Да, часть былая целое мертвит,
И я почти привык к тому, что ум язвит.
(Пер. В.В.Рогова)
Ода была написана 4 апреля 1802 года; "Литературная биография" вышла лишь через пятнадцать лет. Эти строки поражают одним из самых печальных признаний, когда-либо слышанных мною. Говоря о Кольридже, который опьяняет себя метафизикой, я серьезно задумываюсь над его собственными словами: "из сердца вон извлечь природное людское естество". Кольридж — один из тех несчастных людей — другим таким же, видимо был Донн, — о которых можно сказать, что, если бы они не были поэтами, то могли что-нибудь совершить в жизни, могли бы даже сделать карьеру; и, наоборот, — если бы их не интересовало такое множество вещей, не раздирали бы такие противоположные страсти, они могли бы стать великими поэтами. Для Кольриджа, как поэта, лучше было бы читать книги о путешествиях и открытиях, чем о метафизике и политической экономии. На самом деле ему больше хотелось читать книги по метафизике и политической экономии, поскольку он обладал определенным талантом к этим вещам. Но его несколько лет навещала Муза (я не знаю поэта, к которому более применима эта избитая метафора), и с тех пор он был одержим (haunted)] так как каждый, кого хоть раз посещала Муза, с тех пор одержим. У него не было призвания к религиозной жизни, — ведь и там взывают к кому-то вроде Музы, или к более высокому существу; он был обречен знать, что немногие написанные им стихи стоят больше, чем все остальное в его жизни. Автор "Литературной биографии" — был погибшим человеком. Иногда, правда, "погибший человек" — это тоже призвание.

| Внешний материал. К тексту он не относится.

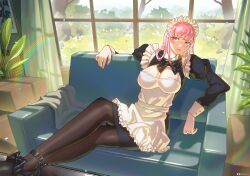 Rule 34 | 1girl, bow, bowtie, commentary, couch, english commentary, highres, hololive, hololive english, indoors, long hair, long sleeves, macom m, maid, maid headdress, mori calliope, pantyhose, pink eyes, pink hair, plant, sitting, solo, tree, virtual youtuber, window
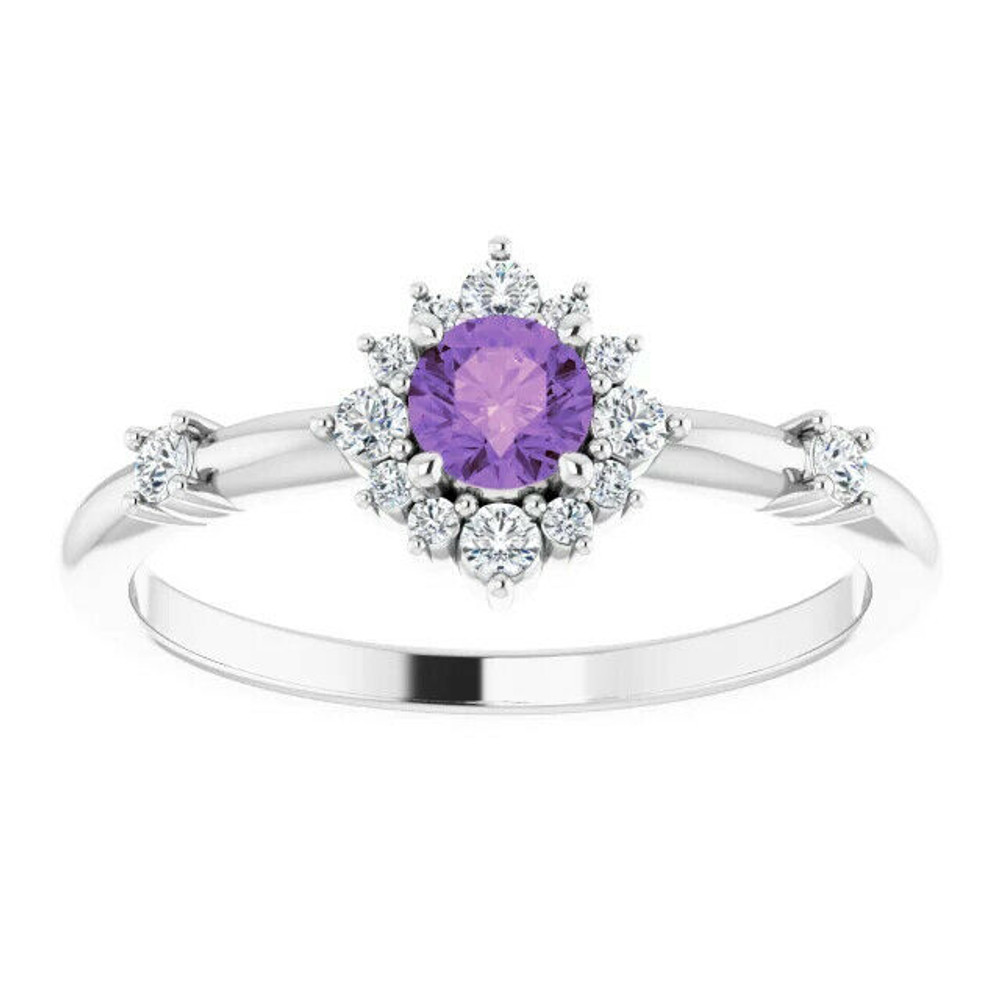 Natural Amethyst & 1/6 CTW Diamond Halo-Style Ring In 14K White Gold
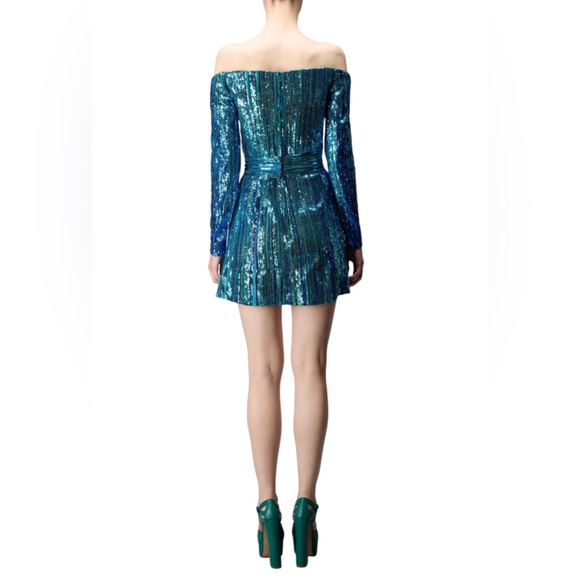 Elie Saab WOMEN'S OFF-THE-SHOULDER SEQUIN MINIDRESS IN NAUTICAL BLUE - Picture 5 of 13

С другой стороны, как я уже сказал, Вордсворт написал "Предисловие" в полном расцвете поэтических сил, когда его репутацию поддерживали только избранные читатели. И по своему поэтическому складу он противоположен Кольриджу. Вряд ли у него намного больше реальных поэтических достижений, чем у Кольриджа. В том, что поэтическая сила и вдохновение под конец оставили его, увы, даже не приходится сомневаться. Но у Вордсворта за спиной не стояли призрачные тени, Эвмениды его не преследовали; а если и преследовали, он не обращал внимания и не подавал виду; он продолжал наигрывать тихую, печальную музыку умирания до самой могилы. Его вдохновение никогда не было таким внезапным, судорожным и ужасающим, как у Кольриджа, он никогда, по-видимому, не мучился сознанием того, что вдохновение его оставило. Как сказал Прометей, герой Андре Жида (в лекции перед большой аудиторий в Париже), — "Нужно иметь орла" (II faut avoir an aigle). У Кольриджа был свой орел. Эти два человека — Вордсворт и Кольридж — несходны и в жизненных мелочах и в интересах: Вордсворт равнодушен к книгам, Кольридж — жадный читатель. Но то, что их объединяет, важнее, чем все различия: они — наиболее оригинальные поэтические дарования своего поколения. Их влияние друг на друга значительно; хотя влияние Вордсворта в краткий период их тесного сближения, вероятно, сильнее. Это обоюдное воздействие едва ли было бы таким сильным без влияния великой женщины, которое держало их вместе и затронуло их глубже, чем они предполагали. Ни одна женщина не играла еще такой важной роли в жизни сразу двух поэтов (я имею в виду их поэтическую жизнь), как Дороти Вордсворт.